Она рассказала ему всю эту замечательную историю. Почти до конца. Потому что он неожиданно захотел поставить точку чуть раньше.
— Руслан привез Людмилу спящей. Все переживали. И никто не знал, как ее разбудить…
— Я бы не стал. Чем плохо? И сейчас она, пожалуй, согласилась бы с ним. Будить и вправду не стоило…
Наташа очень устала. Она устала оттого, что дочь вернулась. Но не к ней. Все это она предчувствовала, но мысли отгоняла. Ей все казалось, что это случится не сейчас, а так, когда-нибудь. Она прекрасно помнила себя, когда родители вдруг перестали быть центром мира. И оказалось, что она сама способна стать этим центром для другого. Так образуется цепочка поколений. Раз — и твой ребенок уже стал полноценным звеном этой цепи. Но держится он уже не за тебя, а за кого-то следующего.
Мила молчала. Она так много молчала, как никогда. И на столе у нее множились какие-то безумные картины. Наташа заходила иногда к ней в комнату. И с мистическим трепетом разглядывала ее работы. И чувствовала, что это не работы, это жизнь… Она ей по-хорошему завидовала. И ждала. Не лезла к ней с расспросами. Она прекрасно помнила себя.

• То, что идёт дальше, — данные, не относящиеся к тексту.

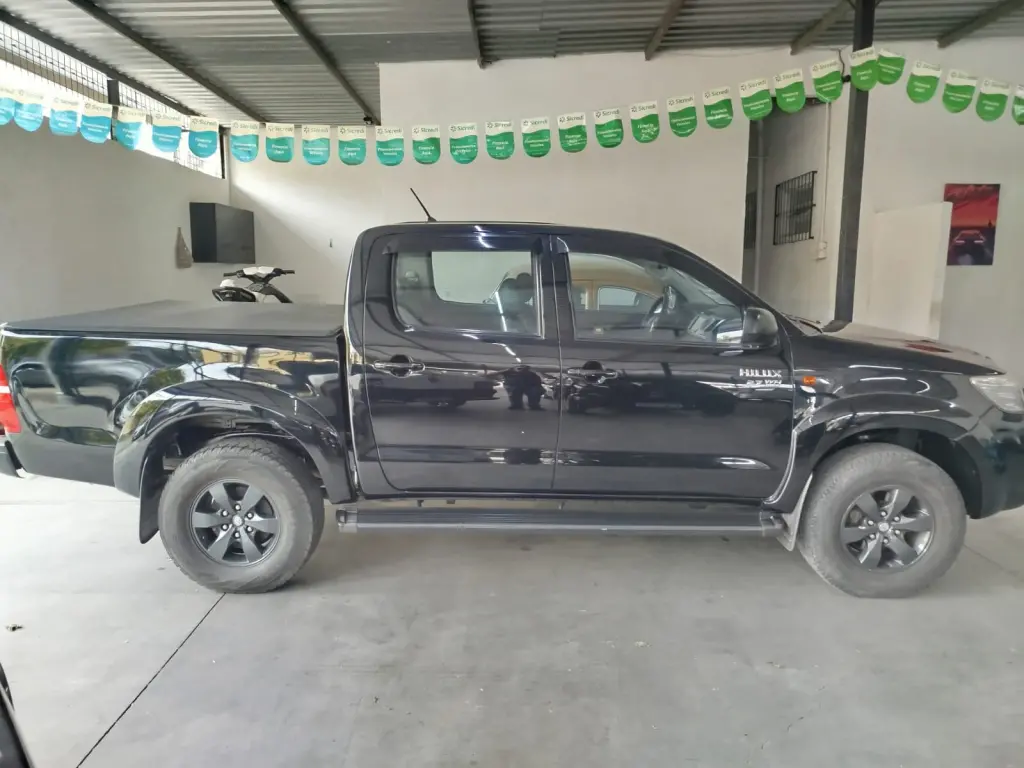 TOYOTA Hilux Caminhonete - Foto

Они смотрели телевизор. Так легче было сохранять нейтралитет. Все-таки звучала человеческая речь. Не так тихо в доме. Наташа искоса поглядывала на дочь. Та сидела на диване, поджав под себя ноги. И Наташа подумала, что она очень изменилась. Кто-то очень красиво ее измучил.
И когда она об этом подумала, с дочерью что то произошло. Она увидела что-то такое, чего не видела Наташа. А потом, зажав себе рот рукой, бросилась в ванную.
По телевизору показывали новости из горячих точек. Чечню.
Она кинулась за дочерью.
А Мила, склонившись над ванной, все повторяла.
— Меня тошнит от этой жизни. Меня тошнит от этой жизни, слышишь!..
Наташа прижала дочь к себе, и ей казалось, что только так она ее спасет. Просто прижав и больше уже никому не отдавая. И как она решилась пустить ее в самостоятельную жизнь? Как она решилась оставить ее одну, лицом к лицу с этим кишащим ужасами миром? Когда ребенок делает первые шаги, вокруг него толпятся все. А что же потом?.. А потом Наташа услышала, то, что давно хотела.
— Я все тебе расскажу. Теперь я могу.